#### Problem description
After locating the line with "Unfurnished living room" below, output it and each following line exactly, stopping after the line with "Plates with tasty". No pictures.

***** Data in this exercise

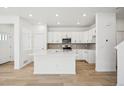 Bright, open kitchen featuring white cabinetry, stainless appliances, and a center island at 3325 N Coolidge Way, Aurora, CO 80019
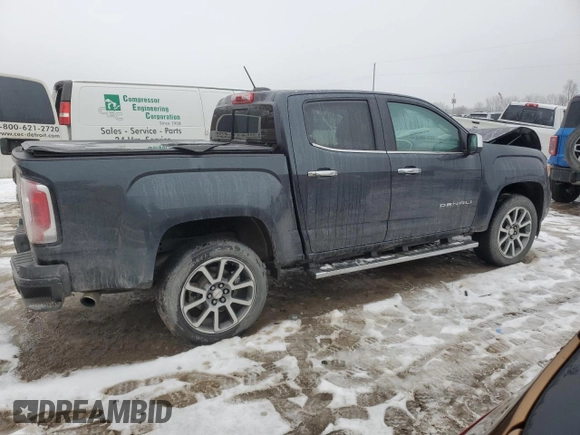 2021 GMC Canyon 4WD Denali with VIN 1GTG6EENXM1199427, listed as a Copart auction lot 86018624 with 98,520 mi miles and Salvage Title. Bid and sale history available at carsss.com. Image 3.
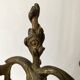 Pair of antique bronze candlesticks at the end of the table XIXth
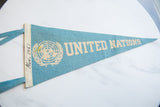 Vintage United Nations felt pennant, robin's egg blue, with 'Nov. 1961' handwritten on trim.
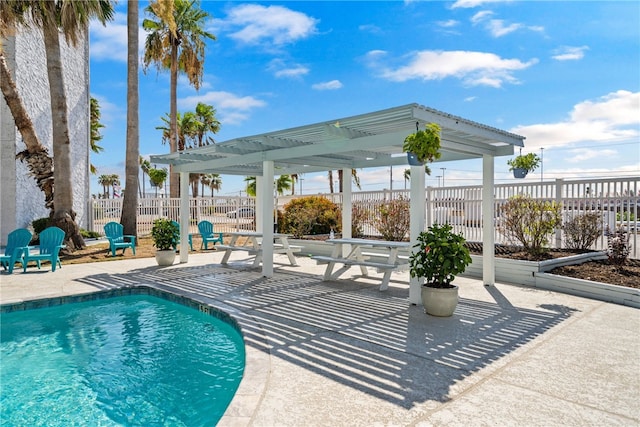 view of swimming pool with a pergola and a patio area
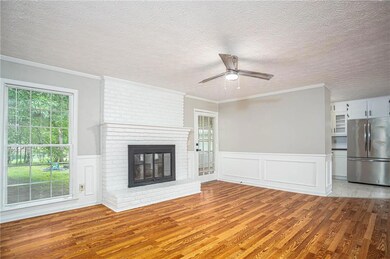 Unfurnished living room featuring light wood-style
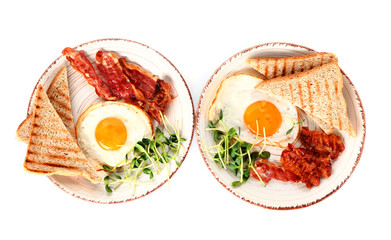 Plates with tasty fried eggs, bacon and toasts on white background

**********
***** Data in this exercise

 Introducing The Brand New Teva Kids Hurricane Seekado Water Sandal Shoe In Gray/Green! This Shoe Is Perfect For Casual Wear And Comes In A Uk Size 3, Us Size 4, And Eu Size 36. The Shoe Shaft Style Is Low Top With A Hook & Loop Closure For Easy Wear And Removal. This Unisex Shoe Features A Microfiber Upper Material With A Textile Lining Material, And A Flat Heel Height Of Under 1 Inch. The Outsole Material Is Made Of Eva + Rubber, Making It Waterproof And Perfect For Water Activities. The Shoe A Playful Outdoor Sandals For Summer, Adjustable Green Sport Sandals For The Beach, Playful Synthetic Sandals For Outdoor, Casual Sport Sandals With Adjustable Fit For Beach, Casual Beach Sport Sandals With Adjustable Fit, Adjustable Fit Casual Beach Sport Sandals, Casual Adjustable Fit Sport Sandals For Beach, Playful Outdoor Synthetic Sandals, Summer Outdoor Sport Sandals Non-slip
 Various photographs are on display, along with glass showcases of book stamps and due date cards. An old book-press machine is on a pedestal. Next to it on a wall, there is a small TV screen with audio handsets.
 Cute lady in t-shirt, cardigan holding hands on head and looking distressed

**********

#### Reply
 Unfurnished living room featuring light wood-style
 Plates with tasty fried eggs, bacon and toasts on white background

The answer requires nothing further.